Using the Data Viewer in the RStudio IDE

Follow

Introduction

The RStudio IDE includes a data viewer that allows you to look inside data frames and other rectangular data structures. The viewer also allows includes some simple exploratory data analysis (EDA) features that can help you understand the data as you manipulate it with R.

Starting the viewer

You can invoke the viewer in a console by calling the View function on the data frame you want to look at. For instance, to view the built-in iris dataset, run these commands:

> data(iris)
> View(iris)

You can also start the viewer by clicking on the table data icon on the right, in the environment pane:

Sorting

As you might expect, you can sort by any column by just by clicking on the column. Click on a column that’s already sorted to reverse the sort direction.

To remove sorting and show the data in the order R sees it, click the empty cell in the upper left.

Filtering

To apply filters, click the Filter icon in the toolbar. Any field that can be filtered will have a white box labeled All. Click this box to change which field values you want to see. For instance, to filter out irises with a sepal width greater than 3.6:

Note the text on the bottom, which indicates how many records the dataset contained before and after filtering; in this case we’ve filtered 150 records down to 135.

Not all kinds of fields can be filtered. At the moment, only the following types are supported:

  • Numeric
  • Character
  • Factor (treated as character if > 256 levels)
  • Boolean (logical)

Filters are additive (i.e. joined with AND); that is, if you apply two column filters, you will see only records that match both of them.

Clear individual filters by clicking the (x) next to the filter; to clear all the filters at once, click the Filter icon in the toolbar.

Searching

You can search for text across all the columns of your frame by typing in the global filter box:

The search feature matches the literal text you type in with the displayed values, so in addition to searching for text in character fields, you can search for e.g. TRUE or 4.6 and see results in logical and numeric field types.

Searching and filtering are additive; when both are applied, you will see only records that match your filters and contain your search text.

Advanced topics

Auto-refreshing

In most cases the viewer will automatically refresh itself if it detects that the underlying data has changed. For instance, try this:

> data(Orange)
> View(Orange)
> Orange[1, "age"] <- 120

You’ll see the age of the first tree change from 118 to 120 in the viewer.

This auto-refreshing feature has some prerequisites, so if it doesn’t seem to be working:

You must call View() on a variable directly. If, for instance, you call View(as.data.frame(foo)) or View(rbind(foo, bar)), you’re invoking View() on a new object created by evaluating your expression, and while that object contains data, it’s just a copy and won’t update when foo and bar do.

The variable must be on an environment in the search path, ideally in the global environment.

Auto-refreshing works even when the data viewer is popped out into its own window, so this is a good way to take advantage of a multi-monitor setup!

Labels

The viewer supports column labels, such as those attached by the Hmisc package and by SPSS import from haven and others.
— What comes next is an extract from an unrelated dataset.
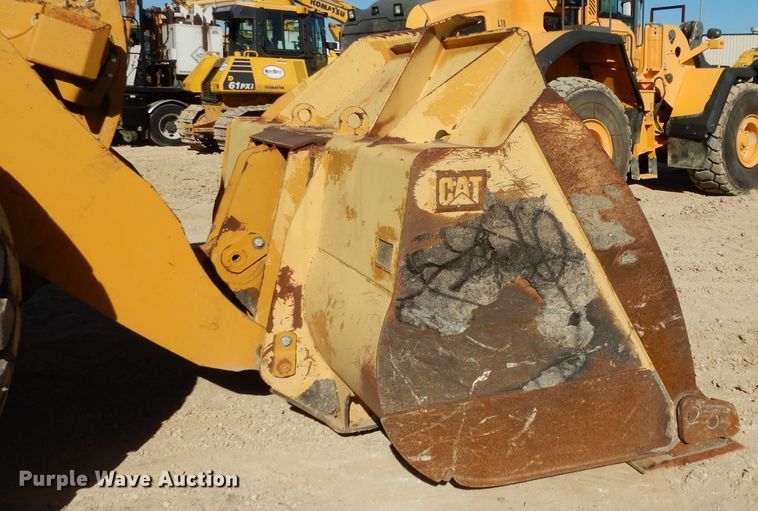 image for item DJ6550 2012 Caterpillar 972K  wheel loader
Try this:

> library(Hmisc)
> data(women)
> label(women[[1]]) <- "Woman's Height"
> label(women[[2]]) <- "Woman's Weight"
> View(women)

Both the label attribute on individual columns and the variable.labels attribute on the outer frame are supported.

Restrictions and Performance

The number of rows the viewer can display is effectively unbounded, and large numbers of rows won’t slow down the interface. It uses the DataTables JavaScript library to virtualize scrolling, so only a few hundred rows are actually loaded at a time.

While rows are unbounded, columns are capped at 100. It’s not currently possible to virtualize columns in the same way as rows, and large numbers of columns cause the interface to slow significantly.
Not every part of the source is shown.